What you have to do:
Please return only the lines from the one showing "Shopbop: Shoes Sale, Up" to the end of the entries, keeping both ends and dropping every picture.

(Beginning of Task material)

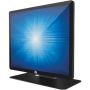 Elo 1903LM 19 inch Touchscreen Monitor (E349829) thumbnail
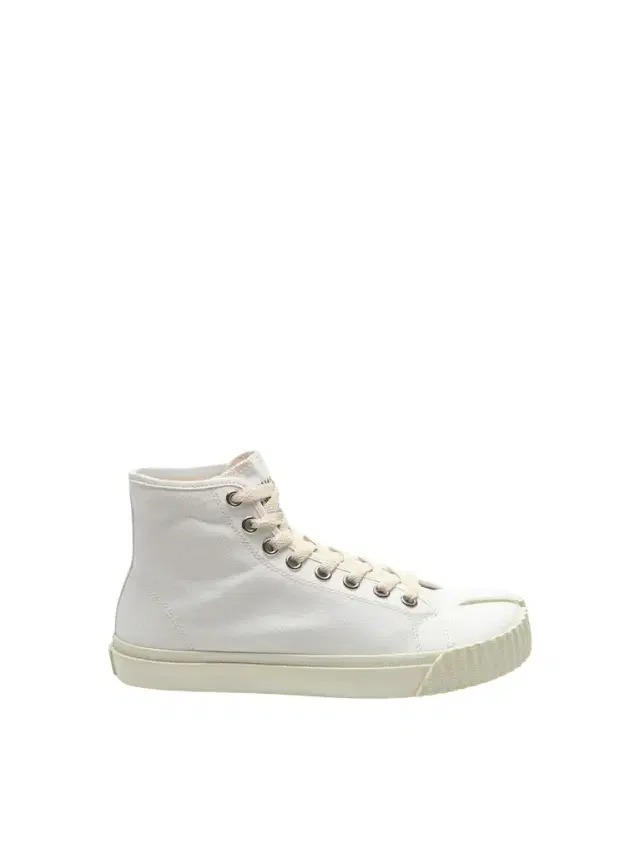Tabi High Sneaker Tabi High Sneaker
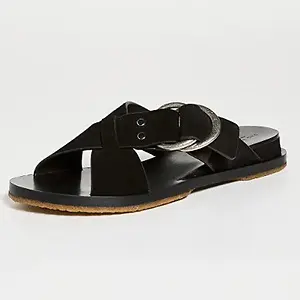 Shopbop: Shoes Sale, Up to 75% OFF + Extra 25% OFF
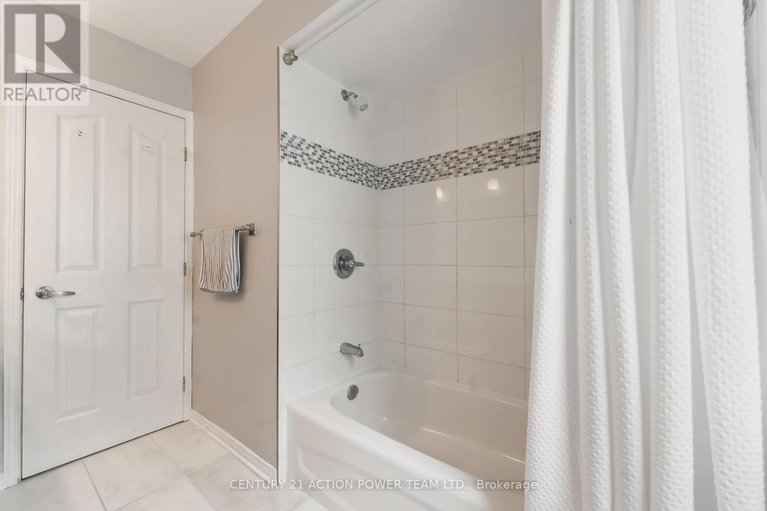 28609909/2101-hallendale-street/springridgeeast-village/ottawa/ontario/K4A4S1_26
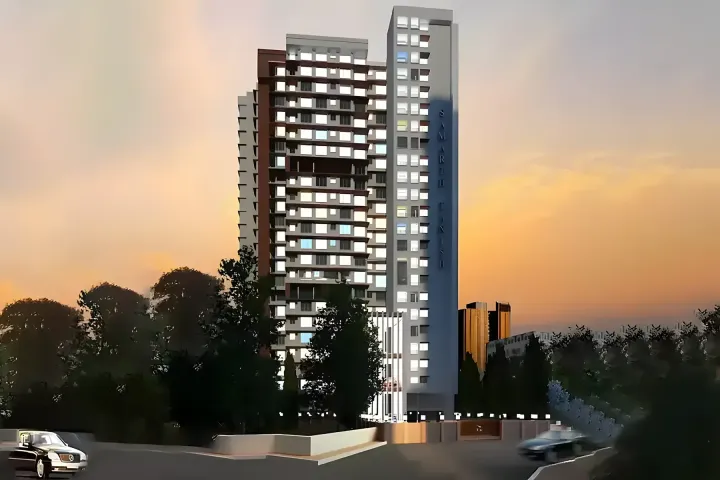 rectangle4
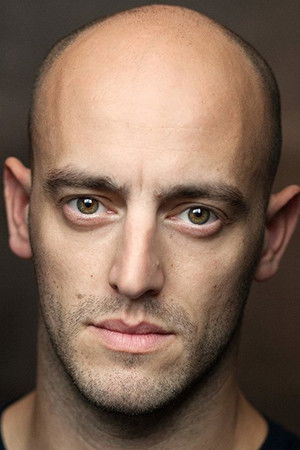 Ian Attard Ian Attard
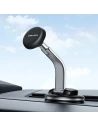 Hurtownia GSM - Suport auto AWEI X45 pentru parbriz/pe tabloul de bord negru/black - AWEI144 - {ean13} - Hurt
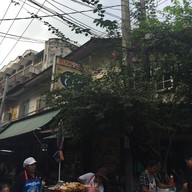 ชื่นอุรากาแฟ ตลาดท่าน้ำนนท์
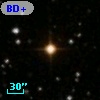 BD+24   815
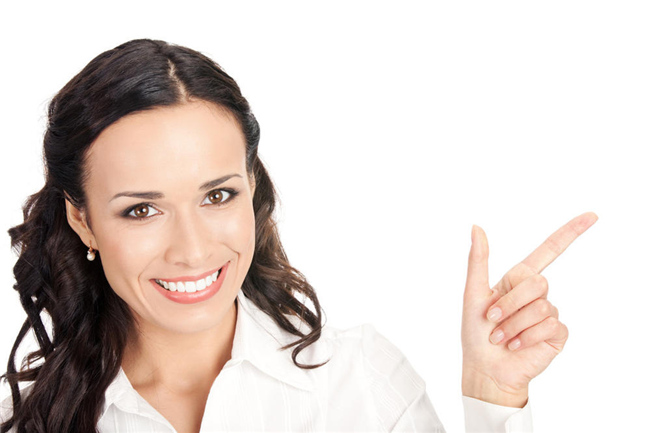 脸部怎么去角质最有效 去角质最厉害的方法恢复健康状态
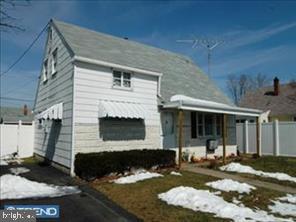706 Hartman Ave Property Photo 1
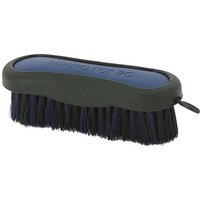 Pferdebürste Hippotonic Soft Pferdebürste Hippotonic Soft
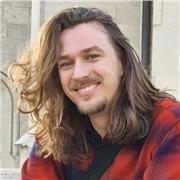 Dmitrii
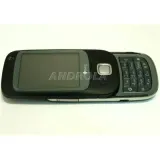 telefon-htc-touch-rybnik-marka-htc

(End of Task material)

Answer section:
 Shopbop: Shoes Sale, Up to 75% OFF + Extra 25% OFF
 28609909/2101-hallendale-street/springridgeeast-village/ottawa/ontario/K4A4S1_26
 rectangle4
 Ian Attard Ian Attard
 Hurtownia GSM - Suport auto AWEI X45 pentru parbriz/pe tabloul de bord negru/black - AWEI144 - {ean13} - Hurt
 ชื่นอุรากาแฟ ตลาดท่าน้ำนนท์
 BD+24   815
 脸部怎么去角质最有效 去角质最厉害的方法恢复健康状态
706 Hartman Ave Property Photo 1
 Pferdebürste Hippotonic Soft Pferdebürste Hippotonic Soft
 Dmitrii
 telefon-htc-touch-rybnik-marka-htc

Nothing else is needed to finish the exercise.